Says Kreston, who started noticing costumer interest peak about two years ago when brands like Angry Orchard began to attract more consumers: “I think it’s part of the craft beer movement. The markets are similar—the original ciders weren’t exciting, and now as they get into it more and more, unique ciders and flavors are developing.” Another advantage: Cider is gluten-free, thus appealing to customers who might be looking for an alternative to beer.
While cider sales are surging at liquor stores, bars and restaurants, a dichotomy exists within the industry between many concentrated, mass-produced ciders and craft ciders.
Most popular brands like Woodchuck and Strongbow, which use concentrated apple juice and additives, originally controlled 90 percent of the cider business. Macro brewers like Stella Artois are on the cider wagon with their own light-bodied cider, and big-time Boston Beer Company, Inc. created Angry Orchard Hard Cider.

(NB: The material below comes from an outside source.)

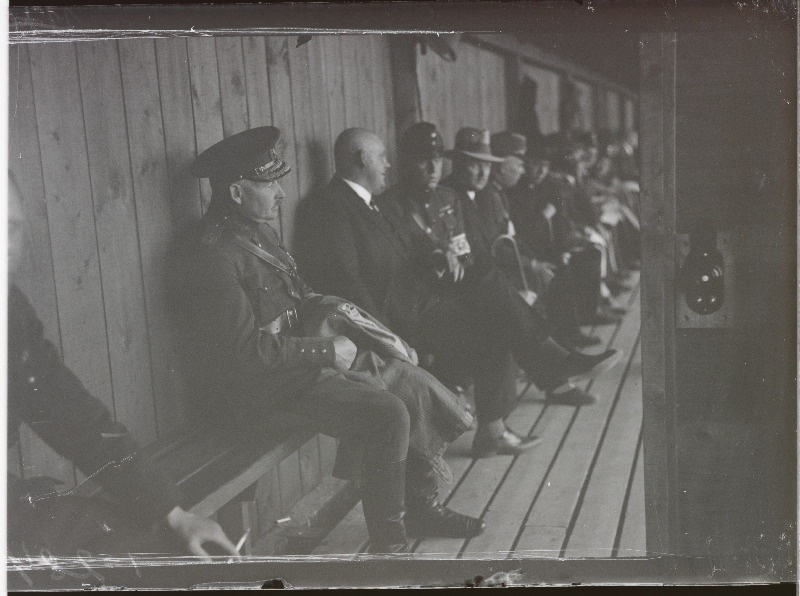 18.-20.08.1939. a toimunud Soome-Eesti laskevõistluste pealtvaatajad võistlusi jälgimas.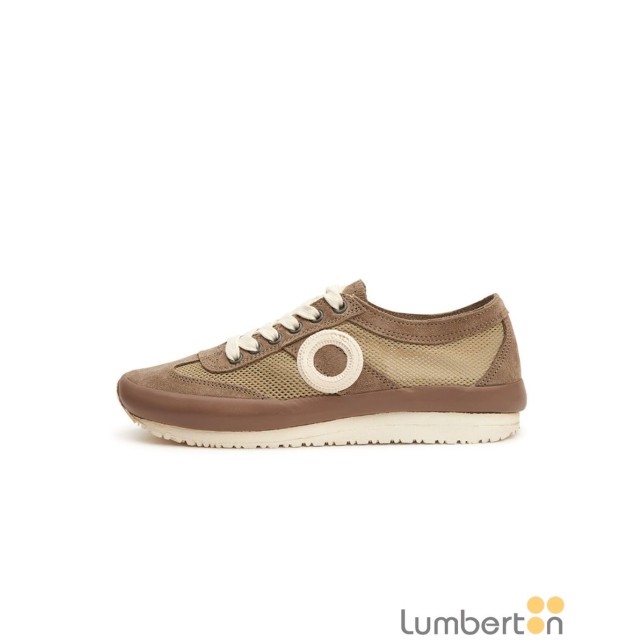 Zapatillas caladas con suela marrón... Zapatillas caladas con suela marrón...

But market shares for mainstream players are down from more than 80 percent to 30 percent, says Tigani, because craft ciders are on the rise.
Ciders like McKenzie’s, Doc’s Draft Hard Ciders and even Crispin Hard Cider are made using traditional methods with all-natural, hand pressed apples. The quality that people have come to expect from craft is now “coming to pass” in the cider category, Tigani says. “You’re seeing a lot more people using cider from hand-pressed apples and making an all-natural product.”
Some O&A cider suggestions for your consideration:
Crispin Natural Hard Blackberry Pear Cider: This 5 percent, dry, fizzy, freshly-pressed blackberry pear cider is sweet and tangy, naturally fermented using 100 percent pear juice – not pear juice concentrate or flavored hard apple cider.
McKenzie’s Seasonal Reserve: As with all of McKenzie’s products, this variety is crafted from apples sourced close to the New York brewery, in an area known as the “Apple Belt.” And with the addition of cinnamon, nutmeg, and other subtle spicy flavors swirling around in each bottle, it’s like distilled apple pie. A perfect beverage for fall and the end-of-the-year holidays.
The Muse from Angry Orchard: Experts might argue whether this is actually a true hard cider or a sparkling wine, but the wiser among them will simply sit back, sip and enjoy. Sweet flavors of apples mixed with seasonal spices and notes of oak, all lifted with champagne bubbles – what’s not to like?
*Cider, also known as “hard cider” to many Americans, is not to be confused with apple cider, a non-alcoholic drink.